Contributed by: Jianzhi Zhang
Most molecular biologists would agree that a gene tends to
be more similar to its orthologs than paralogs in terms of function. This fundamental tenet, recently termed the ortholog
conjecture, is a cornerstone of phylogenomics and is used by both computational
and experimental biologists in predicting, interpreting, and understanding gene
functions. But, is this conjecture wishful
thinking or empirically founded?
In a pioneering study, Nehrt et al. (3) attempted to test
the ortholog conjecture using Gene Ontology (GO) annotations that were based on
experimental data. Contrary to
everyone’s expectation, they found that the functional similarity between
orthologs is lower than that between paralogs, when the level of sequence
divergence is controlled. Based on this
and other findings, the authors proposed that protein function evolution
is primarily determined by “the cellular context in which proteins act”. This would explain why within-species paralogs,
which are always in the same organism, were found functionally more similar than
orthologs, which by definition reside in different organisms.
Nehrt et al.’s (3)
finding stirred considerable controversies in cyberspace when published in the
summer of 2011, evidenced by numerous discussions in various blogs. The last 10 months have seen three papers
that challenged Nehrt et al.’s conclusion from different angles, although the
three papers do not completely agree with one another either.
First, Thomas and
colleagues, representing the group that annotated GO, claimed that GO
annotation differences between homologous genes “do not reflect differences in
biological function, but rather complementarity in experimental approaches” (4). That is, gene function data are so sparse at
the present that GO annotations reflect ascertainment biases in experiments rather
than true functional differences.
Second, Altenhoff
et al. (1) identified a number of biases in GO.

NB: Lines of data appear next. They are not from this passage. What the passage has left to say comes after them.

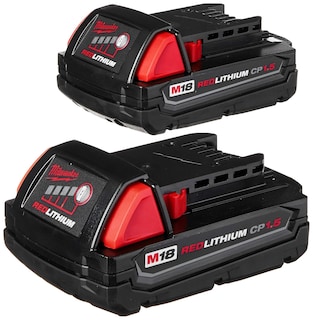 Foto 4 | Foto 4 | Kit Combinado Milwaukee 2691-22 Compacto De 18 V Para Taladrar E Impactar - Venta Internacional.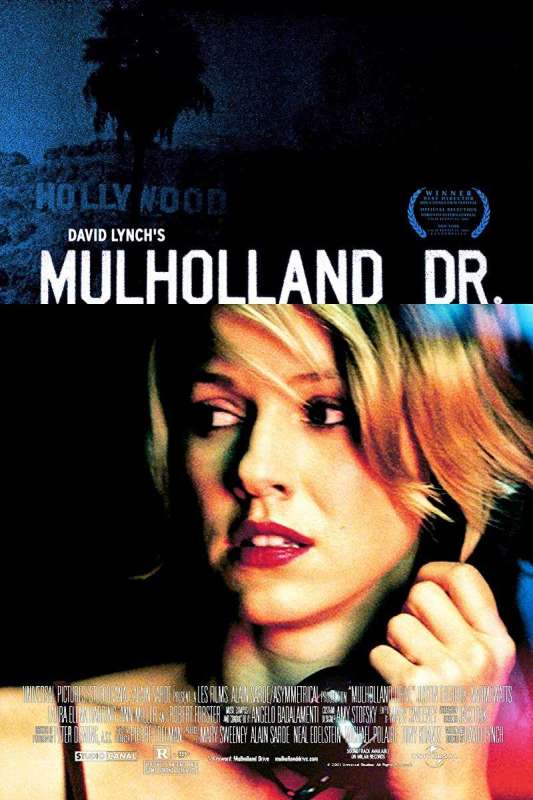 فيلم Mulholland Drive 2001 مترجم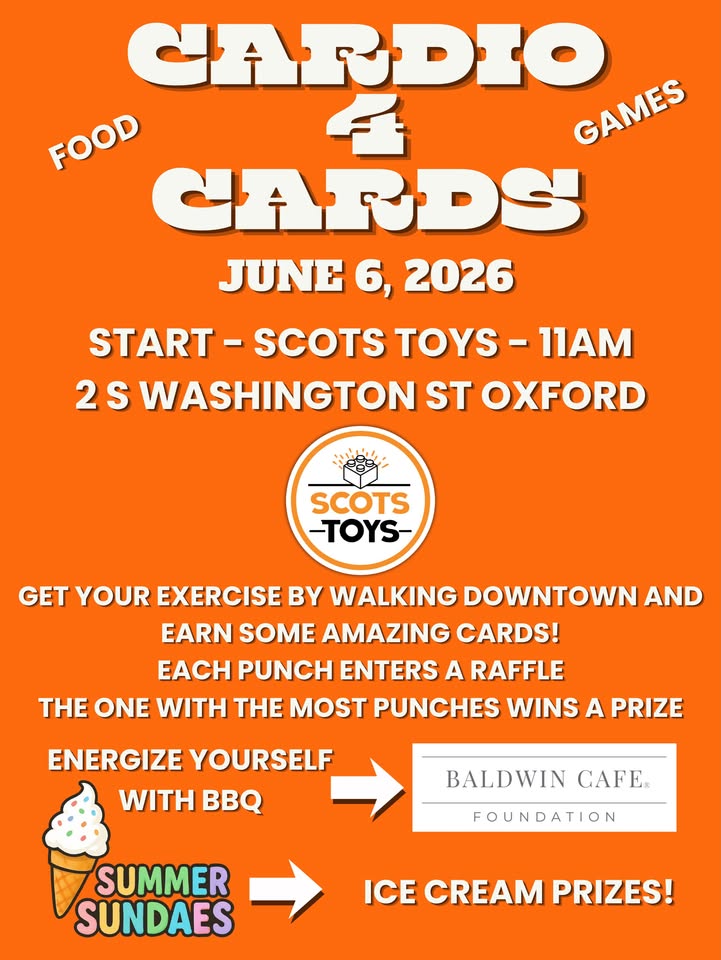 🎴🍦🚶‍♂️ CARDIO 2 CARDS!
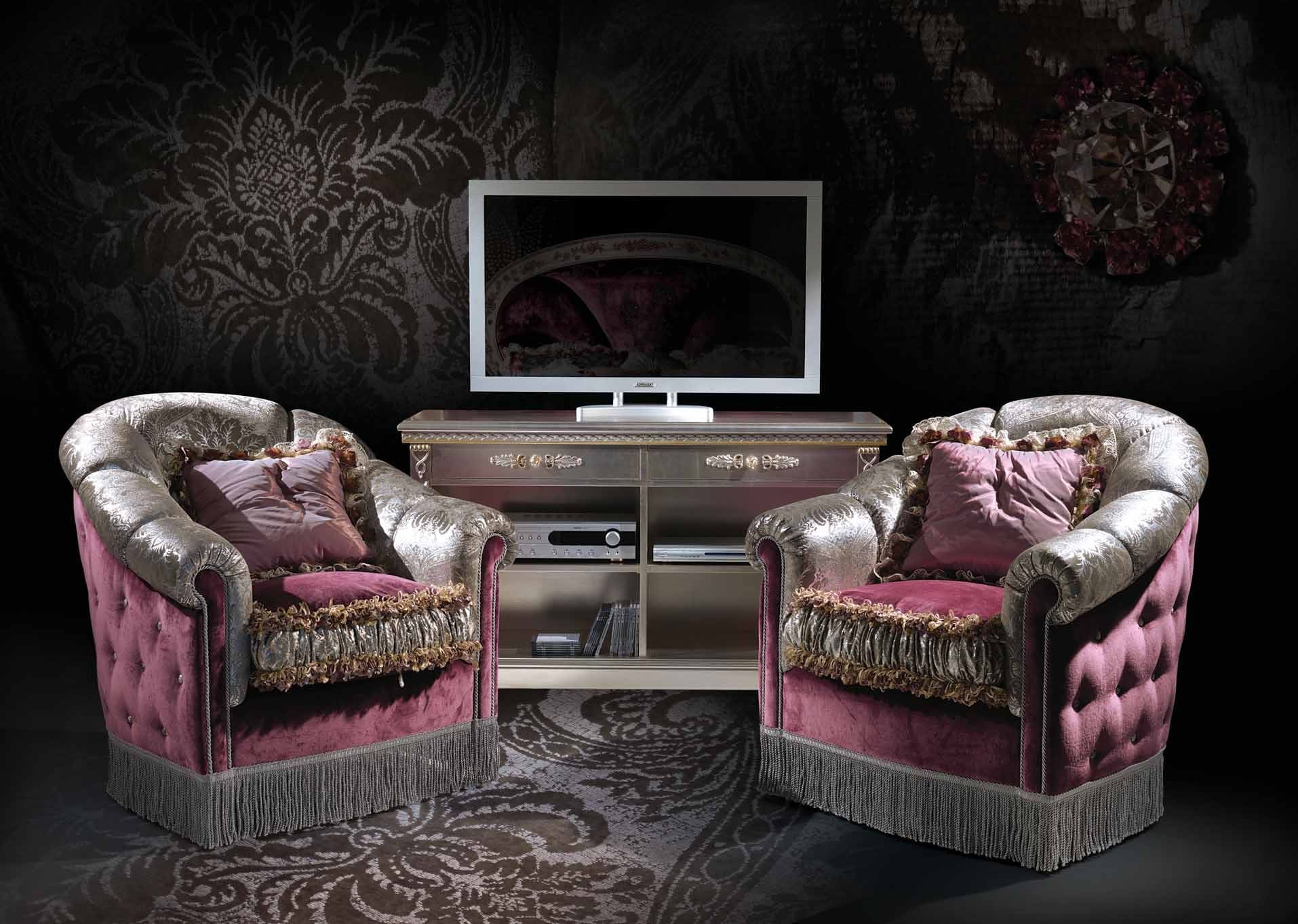 Caspani Tino - Poltrona C/516/103/A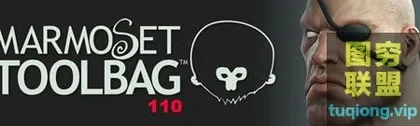 [WIN版软件]Marmoset Toolbag八猴渲染器3.06 Win x64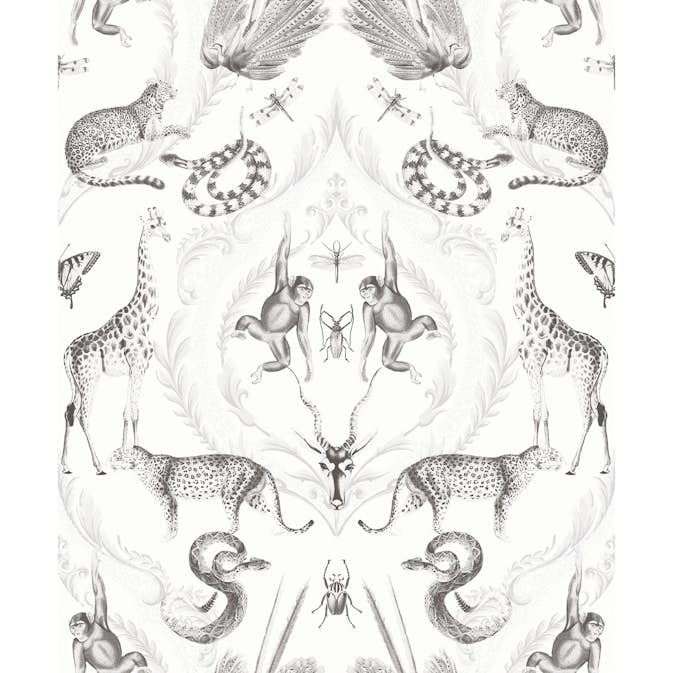 Tapet Galerie Wallcoverings Menagerie G78314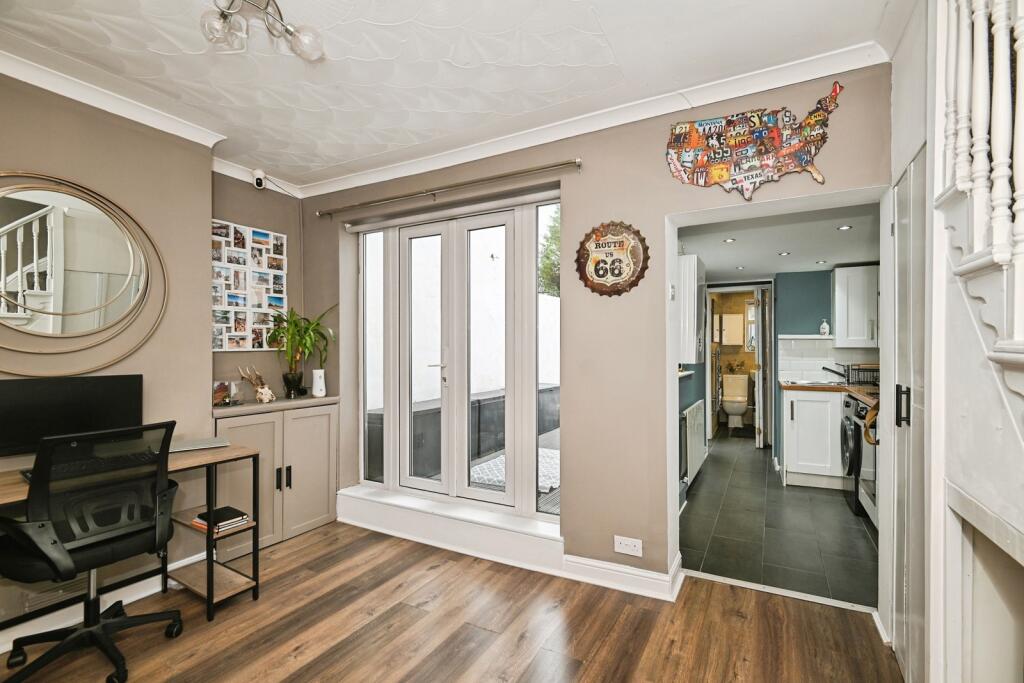 Main image of property: Burnt Oak Terrace, Gillingham, Kent, ME7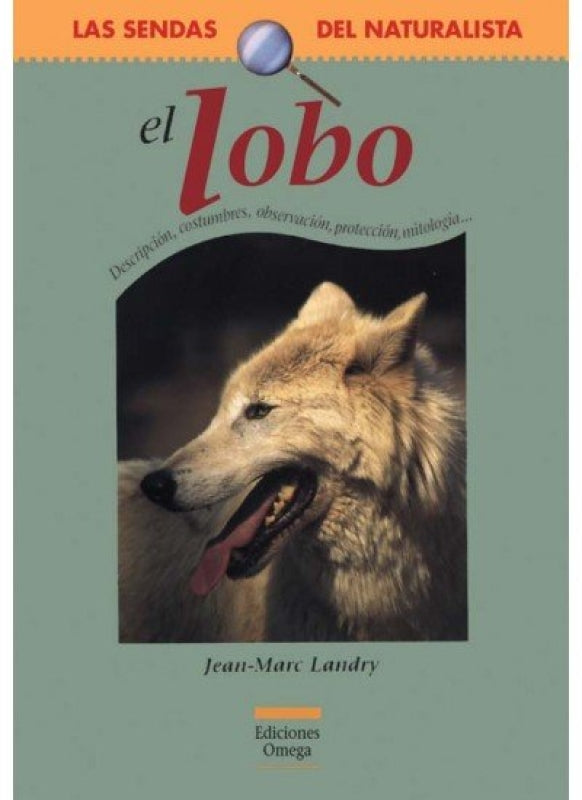 El Lobo Libro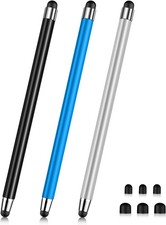 Stylus (3 Pcs), 2-in-1 Stylus Pen for Touch Screen, High Precision and Sensitivi picture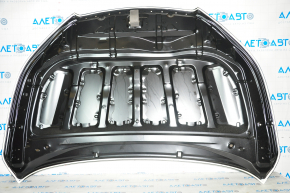 Hood bare Toyota Highlander 14-19 dent, bump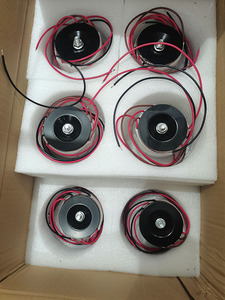 Transformateur toroïdal pour éclairage LED 50VA 24V, transformateur compact pour bandes LED - Product Image 3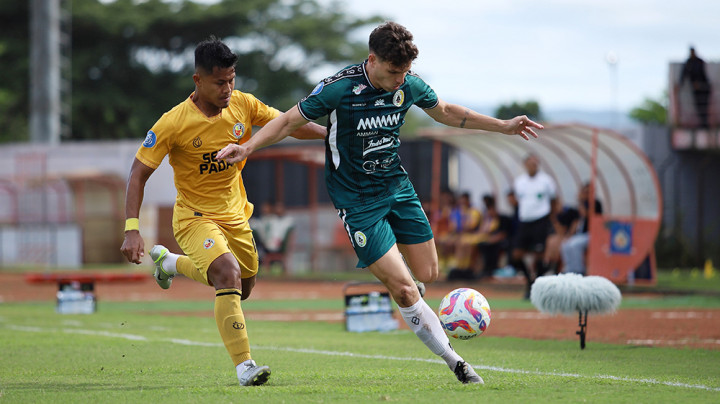 Apologi Pelatih PSS Sleman Usai Kalah dari Semen Padang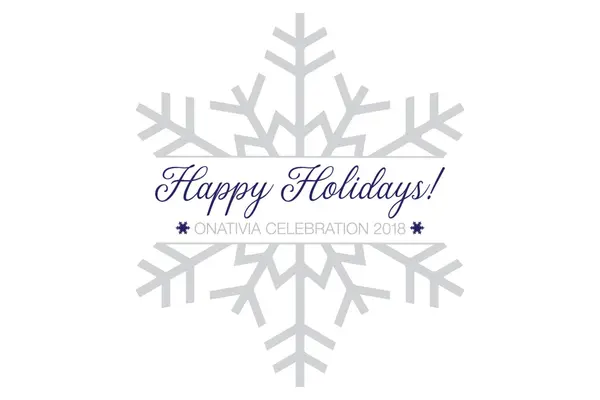 Holiday Party Logo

After correcting these biases, they found weak but significant evidence
for the ortholog conjecture.
Most recently, Chen
and Zhang (2) reanalyzed GO annotations and confirmed some of the biases
identified by Altenhoff and colleagues.
Most disturbingly, however, was the finding of many errors in GO
annotation. Even in so-called
experiment-based annotations, across-species functional inferences were
frequently made. For example, an
experiment was conducted on a monkey gene, but the function was annotated in GO
for its human ortholog, based ironically on the ortholog conjecture.
In one part of
their study, Chen and Zhang (2) focused on pairs of orthologs or paralogs that have
identical protein sequences and were studied in the same papers. Surprisingly, while all nine such paralogous
pairs have 100% GO-based functional similarity, only nine of 31 such orthologous
pairs have 100% functional similarity.
More extremely, eight of the 31 orthologous pairs show 0% functional
similarity, yet none of the papers that studied them explicitly mentioned their
functional dissimilarity. Apparently,
they reflect ascertainment biases rather than true functional differences. The authors also noted an upward trend in the
functional similarity of orthologs, relative to that of paralogs, when analyzing
the time series data of GO in the last five years.
These and other findings
led Chen and Zhang (2) to conclude that the current GO is unsuitable for
testing the ortholog conjecture. They
thus turned to RNA-Seq gene expression data, which would be relative immune to
ascertainment bias and annotation error.
They reported that orthologs are more similar to each other than to paralogs
in gene expression. But, regarding gene
function, the jury is still out. The
sheer difficulty of proving or rejecting the ortholog conjecture, one of the
most wildly assumed principles of molecular evolution, was completely unexpected,
and it still amazes me to this day.
References
1.
Altenhoff AM, Studer RA, Robinson-Rechavi M, Dessimoz C (2012) Resolving the Ortholog Conjecture: Orthologs Tend to Be Weakly, but Significantly, More Similar in Function than Paralogs. PLoS Comput Biol 8(5): e1002514.
2.
Chen X, Zhang J (2012) The Ortholog Conjecture Is Untestable by the Current Gene Ontology but Is Supported by RNA Sequencing Data. PLoS Comput Biol 8(11):
e1002784.
3.
Nehrt NL, Clark WT, Radivojac P, Hahn MW (2011) Testing the Ortholog Conjecture with Comparative Functional Genomic Data from Mammals. PLoS Comput Biol 7(6):
e1002073.
4.
Thomas PD, Wood V, Mungall CJ, Lewis SE, Blake JA, et al. (2012) On the Use of Gene Ontology Annotations to Assess Functional Similarity among Orthologs and Paralogs: A Short Report. PLoS Comput Biol 8(2): e1002386.